- [Data extract]
++++
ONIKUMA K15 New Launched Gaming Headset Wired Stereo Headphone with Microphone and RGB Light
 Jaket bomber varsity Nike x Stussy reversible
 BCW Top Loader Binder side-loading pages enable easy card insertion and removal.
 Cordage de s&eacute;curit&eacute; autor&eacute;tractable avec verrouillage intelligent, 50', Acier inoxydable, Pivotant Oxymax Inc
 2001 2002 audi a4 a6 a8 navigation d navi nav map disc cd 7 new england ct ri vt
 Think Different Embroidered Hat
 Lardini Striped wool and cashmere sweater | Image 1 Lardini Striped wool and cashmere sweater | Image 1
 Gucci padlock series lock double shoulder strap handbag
++++
- [What to produce]
When the line containing "Cordage de s&eacute;curit&eacute;" is reached, return it and every later line through the end of the listing above, unaltered and alone.

- [Your response]
 Cordage de s&eacute;curit&eacute; autor&eacute;tractable avec verrouillage intelligent, 50', Acier inoxydable, Pivotant Oxymax Inc
 2001 2002 audi a4 a6 a8 navigation d navi nav map disc cd 7 new england ct ri vt
 Think Different Embroidered Hat
 Lardini Striped wool and cashmere sweater | Image 1 Lardini Striped wool and cashmere sweater | Image 1
 Gucci padlock series lock double shoulder strap handbag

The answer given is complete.